What you are asked to do
From the line containing "Gildan Softstyle T-Shirt" to the last line of the listing, transcribe exactly and add nothing else; keep both ends and omit pictures.

┌─ Entries provided

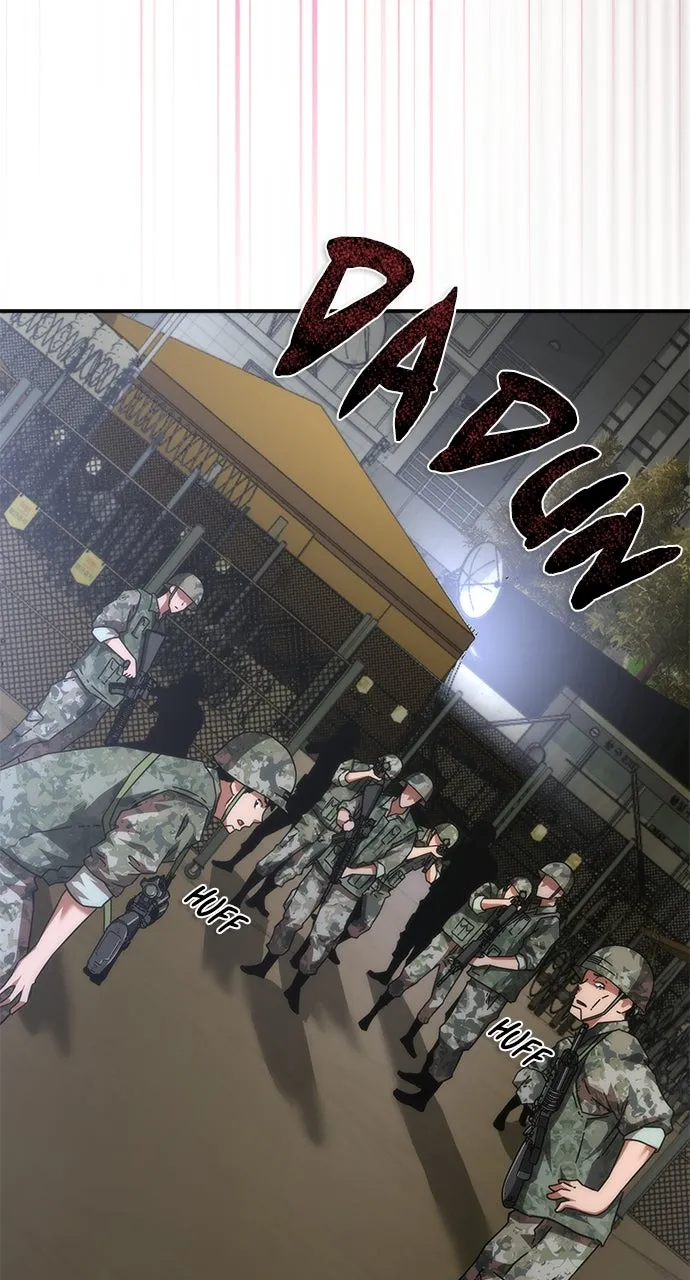 Zombie Revelation: 82-08 Chapter 36 page 113 - 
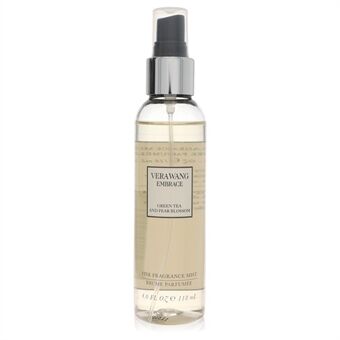 Vera Wang Embrace Green Tea And Pear Blossom by Vera Wang - Fragrance Mist Spray 120 ml - voor vrouwen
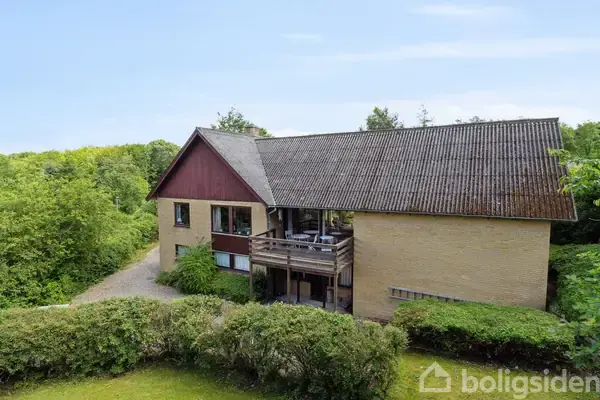 Villa på Oxendalen 24, 9550 Mariager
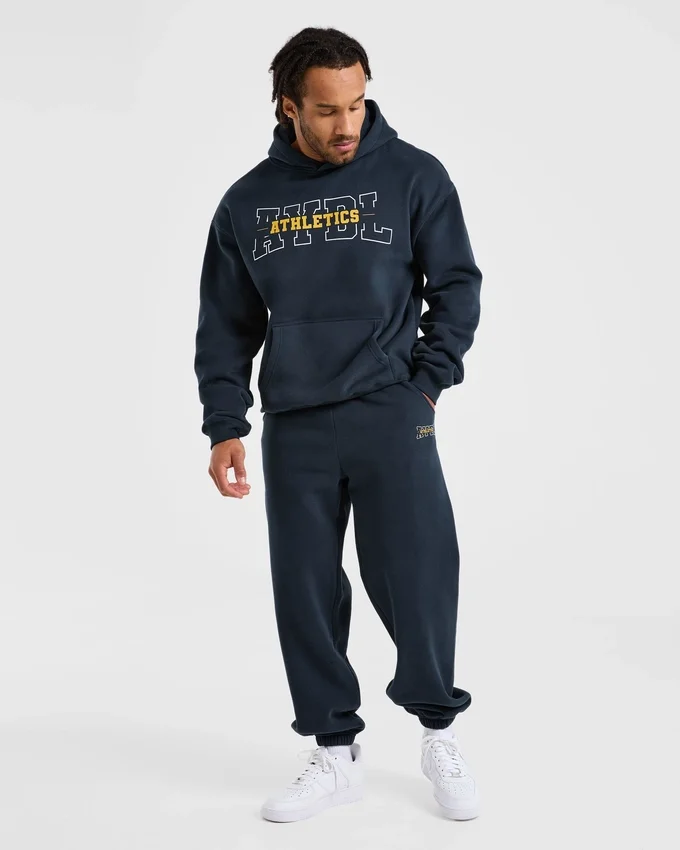 Athletics oversized hoodie
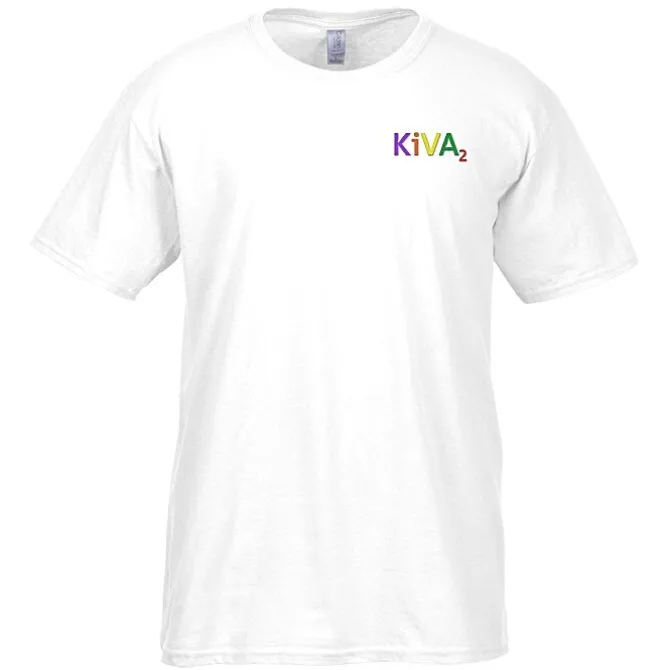 Gildan Softstyle T-Shirt - Men's - Embroidered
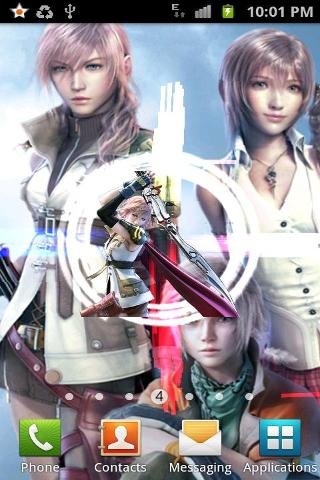 Final Fantasy Free LWP截图3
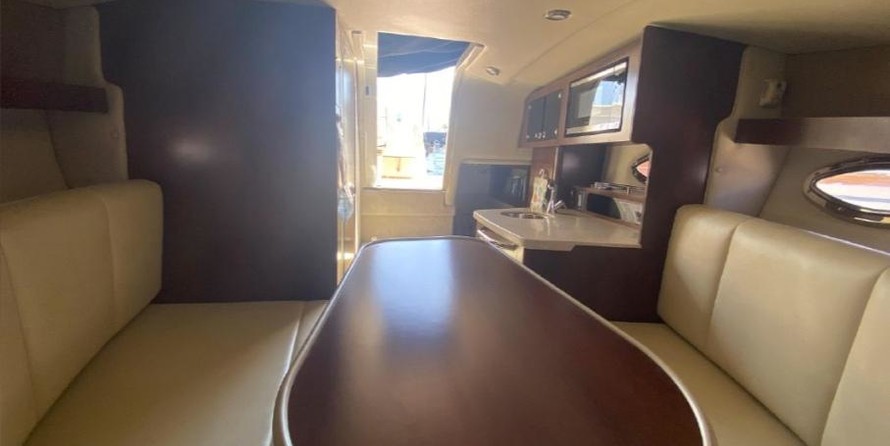 Chaparral 270 Signature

└─

Output for this task
 Gildan Softstyle T-Shirt - Men's - Embroidered
 Final Fantasy Free LWP截图3
 Chaparral 270 Signature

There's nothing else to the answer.